- [Task instructions]:
Pictures should be excluded; otherwise, copy every entry exactly.

- [Source records]:

§ §

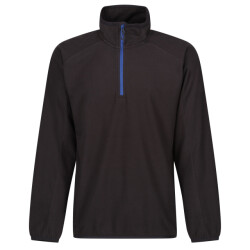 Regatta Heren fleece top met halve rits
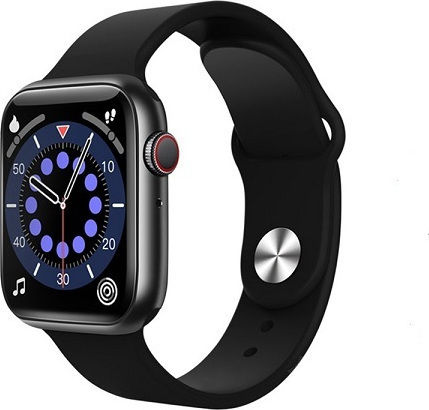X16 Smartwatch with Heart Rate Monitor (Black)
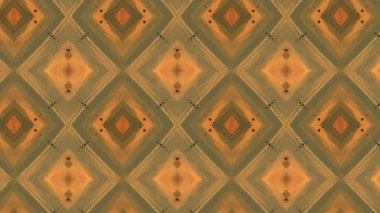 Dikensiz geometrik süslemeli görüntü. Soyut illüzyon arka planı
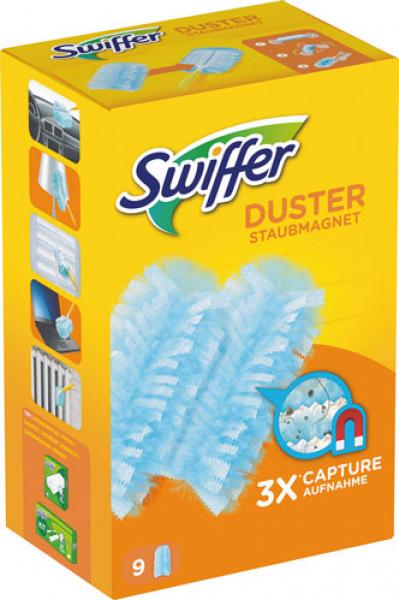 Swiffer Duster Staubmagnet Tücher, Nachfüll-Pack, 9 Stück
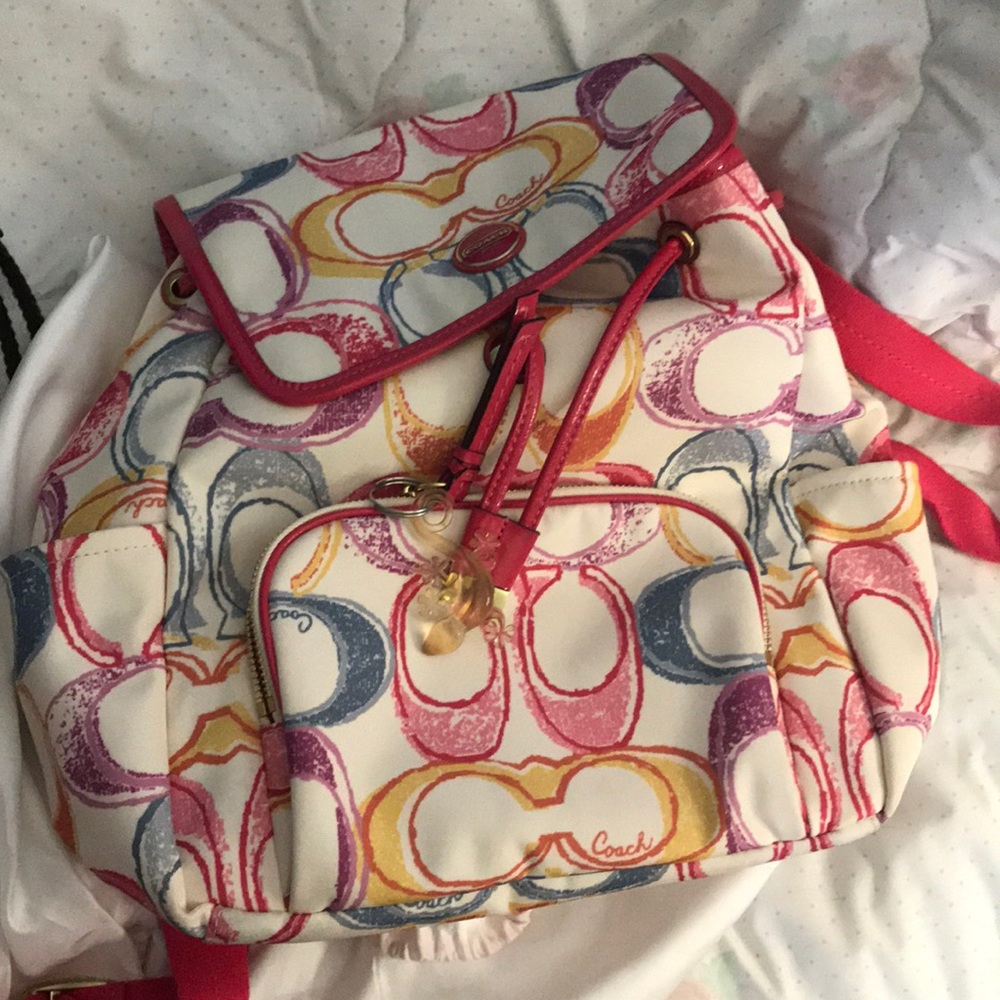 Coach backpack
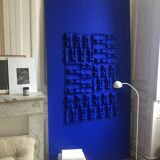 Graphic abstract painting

§ §

- [Output]:
 Regatta Heren fleece top met halve rits
X16 Smartwatch with Heart Rate Monitor (Black)
 Dikensiz geometrik süslemeli görüntü. Soyut illüzyon arka planı
 Swiffer Duster Staubmagnet Tücher, Nachfüll-Pack, 9 Stück
 Coach backpack
 Graphic abstract painting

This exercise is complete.